At one time I was going to put a 8-BA flathead in a 65 mustang convertible. I use to run in the 15's in the 80's with it in a 1950 Ford 2 door sedan. Use to love to outrun stock mustangs with it and show them that tiny engine. Small but so darn heavy. Mine is bored .125" over, Melling, cam, Melling oil pump, ported, dual valve springs, adjustable lifters and balanced. I also probably cut 10 lbs. off the flywheel and adapted a 10" shafer clutch disc to my pressure plate I built. It also has a 1962 Chevy Corvette dual point centrifugal advance distributor.

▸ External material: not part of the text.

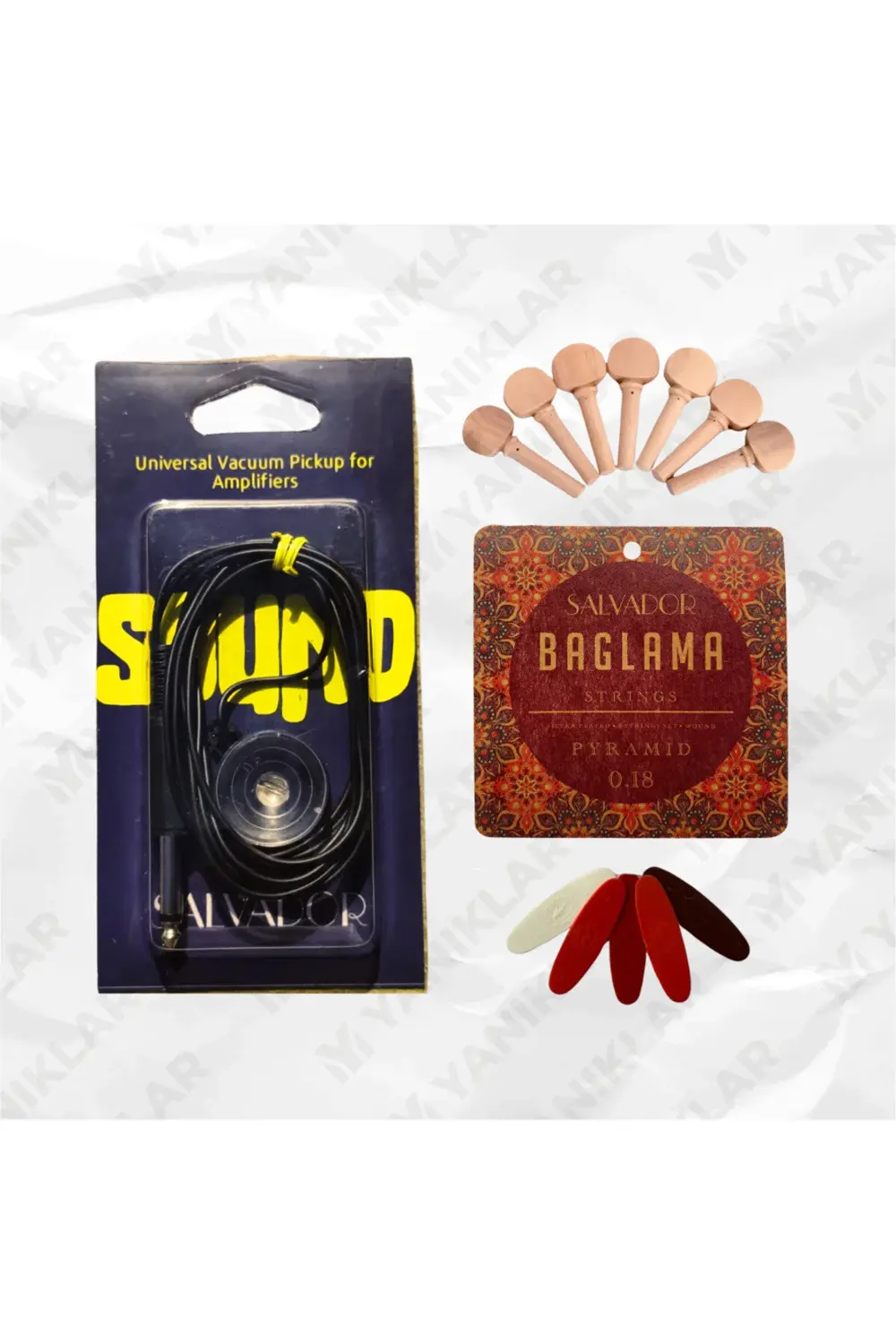 Vakumlu Öpücük Mikrofon (0.18 Bağlama Teli +Burgu+Tezene) Seti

The car has sat in the barn since 1972 was fun to drive just had so many over the years. BTW I have I think 7 or 8 more flatheads and couple Mercury. I found two more sets of Jahns Racing pistons I bought back in the 60's from Honest Charlie.
Knock on wood. That car would turn all the spark plugs cherry red at night on a hard run and by a hard run a 10 mile road race. I still used Iron heads my boss always said were better than the aluminum heads. Never had an overheating issue like some. I drove it from 1964 till 1971 when I got a new Maverick Grabber. The second day I had the Maverick I tried to make a turn the same speed I did in the 50 Ford and slid into a traffic island and flipped the car up on two wheels on the drivers side. We a ways on the two wheels like a stunt driver. Got so far up it ruined both hub caps and trim rings. I got two new wheels, caps and trim rings and took back to the Ford dealer. Told the service boss I thought it was out of alignment. When I came back he was crazy. Said they had to chain the car down and pull the rear end back in place and was the worst out of any new car he had ever seen, lol.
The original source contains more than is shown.